There are two further concepts in this approach: ‘situatedness’, and ‘embodiment’. Situatedness means the incorporation of the fact that the robot is situated in the real world, which directly influences its sensing, actuation, and learning processes. Embodiment means that the robot is not some abstraction inside a computer, but has a body which must respond dynamically to the signals impinging on it, using immediate feedback. This makes evolution of intelligence in a robot more realistic than the artificial evolution carried out entirely inside a computer.

In Brooks' (1986) approach, the desired behaviour is broken down into a set of simpler behaviours (‘layers’), and the solution (namely the control system) is built up incrementally, layer by layer. Simple basic behaviours are mastered first, and behaviours of higher levels of sophistication are added gradually, layer by layer. Although basic behaviours are implemented in individual subparts or layers, a coordination mechanism is incorporated in the control system, which determines the relative strength of each behaviour in any particular situation.


Coordination may involve both competition and cooperation. In a competitive scenario, only one behaviour determines the motor output of the robot. Cooperation means that a weighted sum of many behaviours determines the robot response.

In spite of the progress made in behaviour-based robotics, the fact remains that autonomous mobile robots are difficult to design.
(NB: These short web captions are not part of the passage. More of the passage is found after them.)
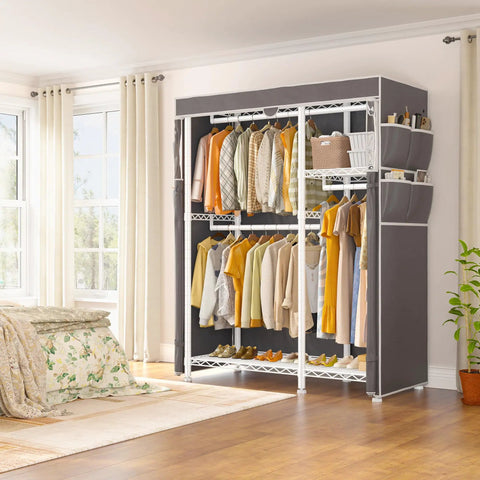 Straight Up Heavy Duty Rolling Clothes Rack With Removable Dust Cover Portable Closet Featuring Four Hanging Zones Adjustable Shelf And Smooth Gliding Wheels For Zero Hassle Storage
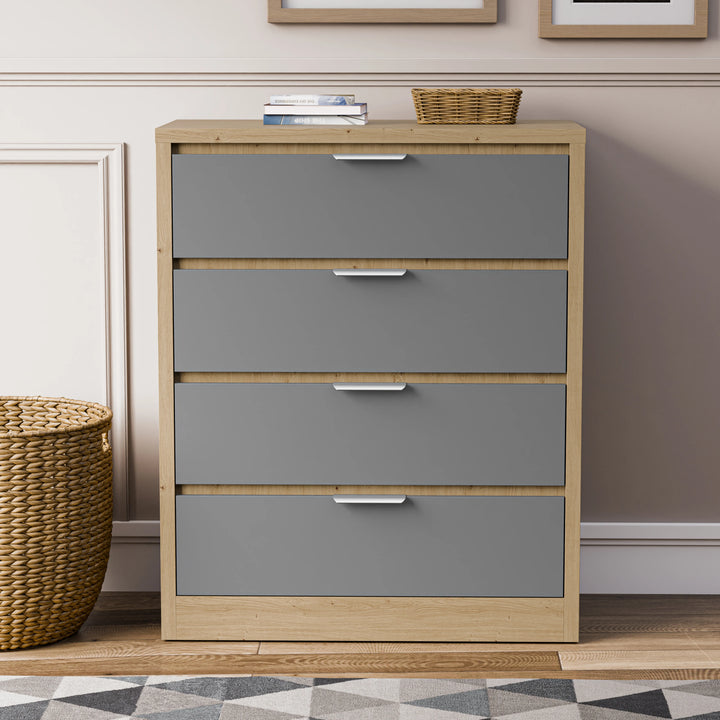 [Oak+Grey] Skova 4 drawer chest on hardwood floor, four grey drawer fronts on oak carcass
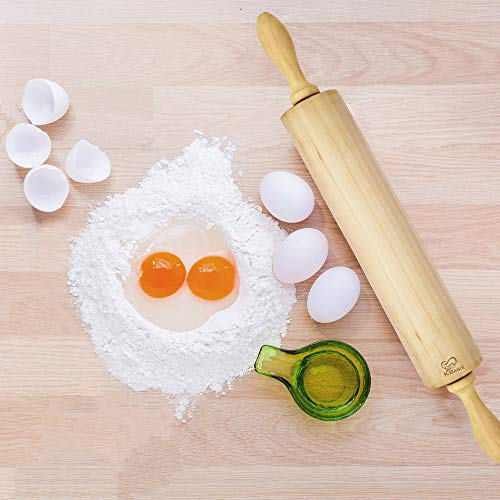 K BASIX Rolling Pin - Classic Wood - Professional Dough Roller - Used by Bakers & Cooks for Pasta, Cookie Dough, Pastry, Bakery, Pizza, Fondant, Chapati - 16.5 inches by 2.2 inches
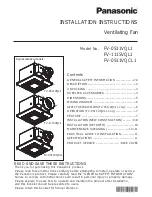 Предварительный просмотр 1 страницы Panasonic FV-0511VQCL1 Installation Instructions Manual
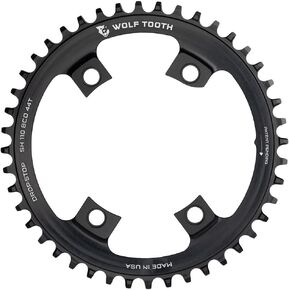 Wolf Tooth Drop-Stop Chainrings for Asymmetric 4x110mm BCD Shimano Road Cranksets (Black, 42t)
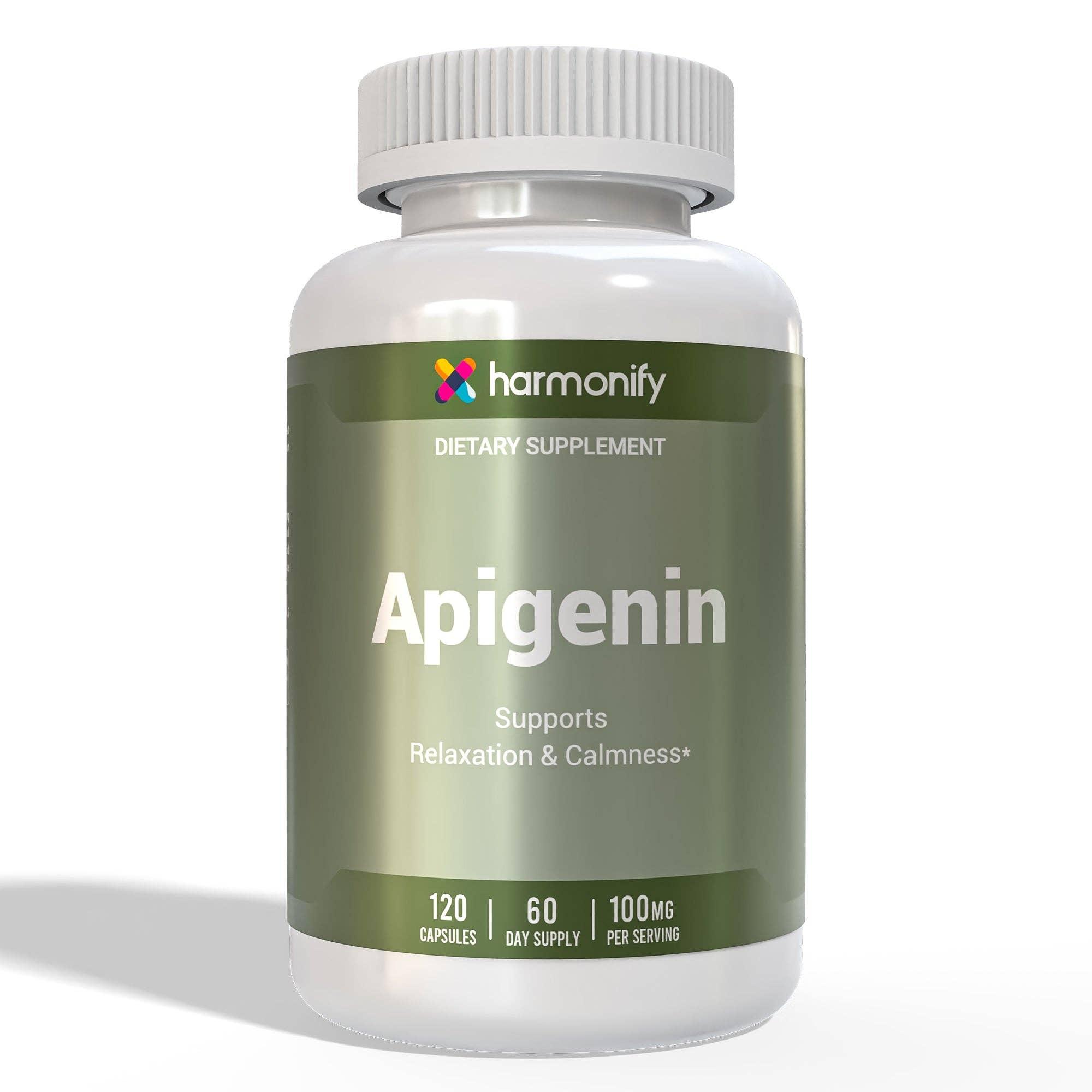 Harmonify Apigenin 100mg per Serving – 120 Capsules (60 Day Supply) – Chamomile Derived Apigenin Flavonoid Supplement – Supports Relaxation & Calmness – Non-GMO image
The reason is that their behaviour is an emergent property (Nolfi and Floreano 2000). By their very nature, emergent phenomena in a complex system (in this case the robot interacting with its surroundings) are practically impossible to predict, even if we have all the information about the sensor inputs to the robot and the consequences of all the motor outputs. The major drawback of behaviour-based robotics is that the trial-and-error process for improving performance is judged and controlled by an outsider, namely the designer. It is not a fully self-organizing and evolutionary approach for the growth of robotic intelligence. And it is not easy for the designer to do a good job of breaking down the global behaviour of a robot into a set of simple basic behaviours. One reason for this difficulty is that an optimal solution of the problem depends on who is describing the behaviour: the designer or the robot? The description can be distal or proximal (Nolfi and Floreano 2000).
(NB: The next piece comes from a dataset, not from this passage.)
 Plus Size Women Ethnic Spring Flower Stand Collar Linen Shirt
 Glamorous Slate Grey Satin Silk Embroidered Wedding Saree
Proximal description of the behaviour of the robot is a description from the vantage point of the sensorimotor system that describes how the robot reacts to different sensory situations.
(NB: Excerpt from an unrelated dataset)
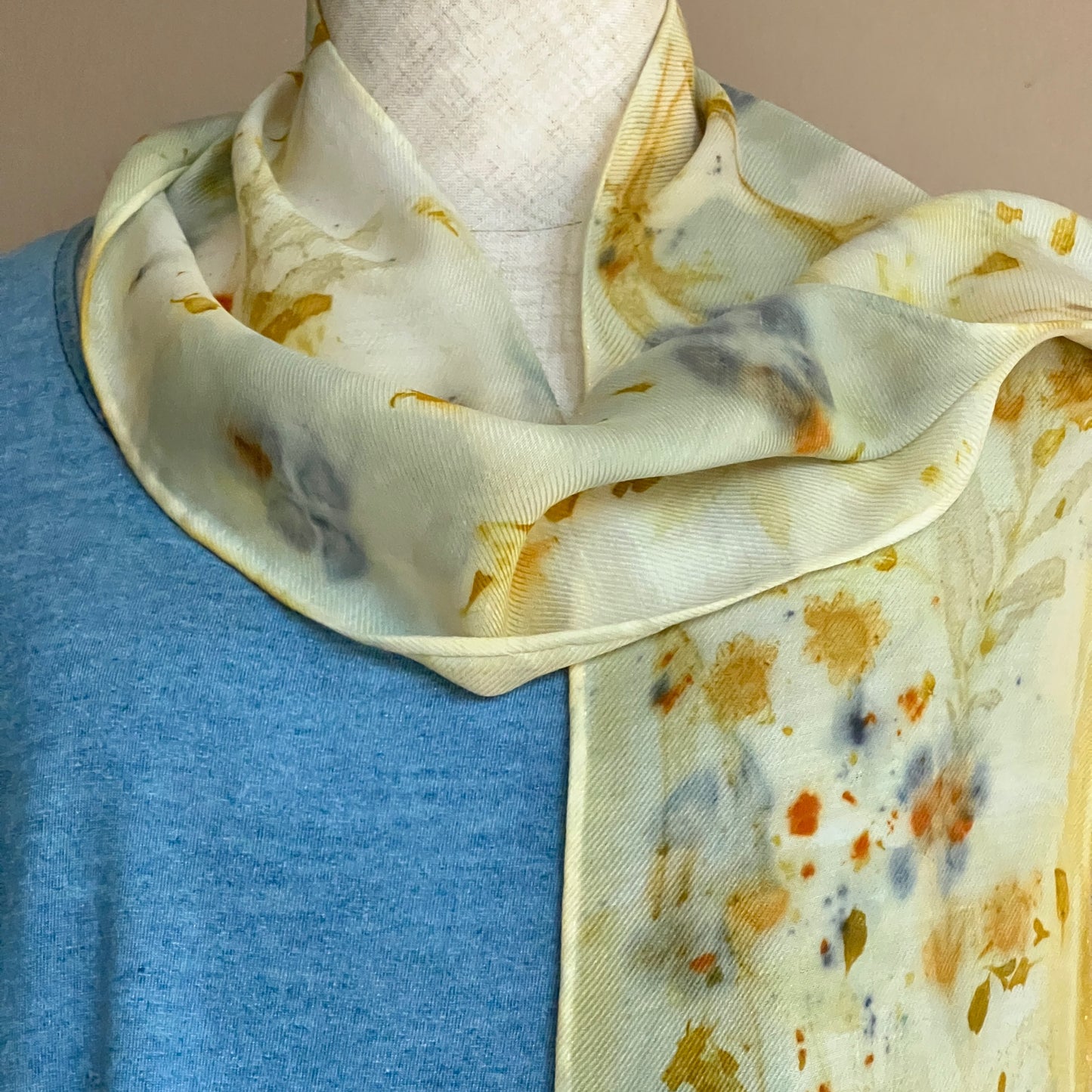 SW08-03 - Silk Wool Scarf - 8" x 52" - Marigold, Hibiscus, Goldeneye, Tithonia, Sulphur Cosmos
The distal description is from the point of view of the designer or the observer. In it, the results of a sequence of sensorimotor loops may be described in terms of high-level words like ‘approach’ or ‘discriminate’. Such a description of behaviour is the result of not only the sensory-motor mapping, but also of the description of the environment. It thus incorporates the dynamical interaction between the robot and the environment, and that leads to some difficult problems. The environment affects the robot, and the robot affects the environment, which in turn affects the robot in a modified way, and so on. This interactive loop makes it difficult for the designer to break up the global behaviour of the robot into a set of elementary or basic behaviours that are simple from the vantage point of the proximal description. Because of the emergent nature of behaviour, it is difficult to predict what behaviour will result from a given control system. Conversely, it is also difficult to predict what pattern of control configurations will result in a desired behaviour.

As we shall see in the next post, this problem is overcome in evolutionary robotics by treating the robot and the environment as a single system, in which the designer has no role to play. After all, this is how all complexity has evolved in Nature.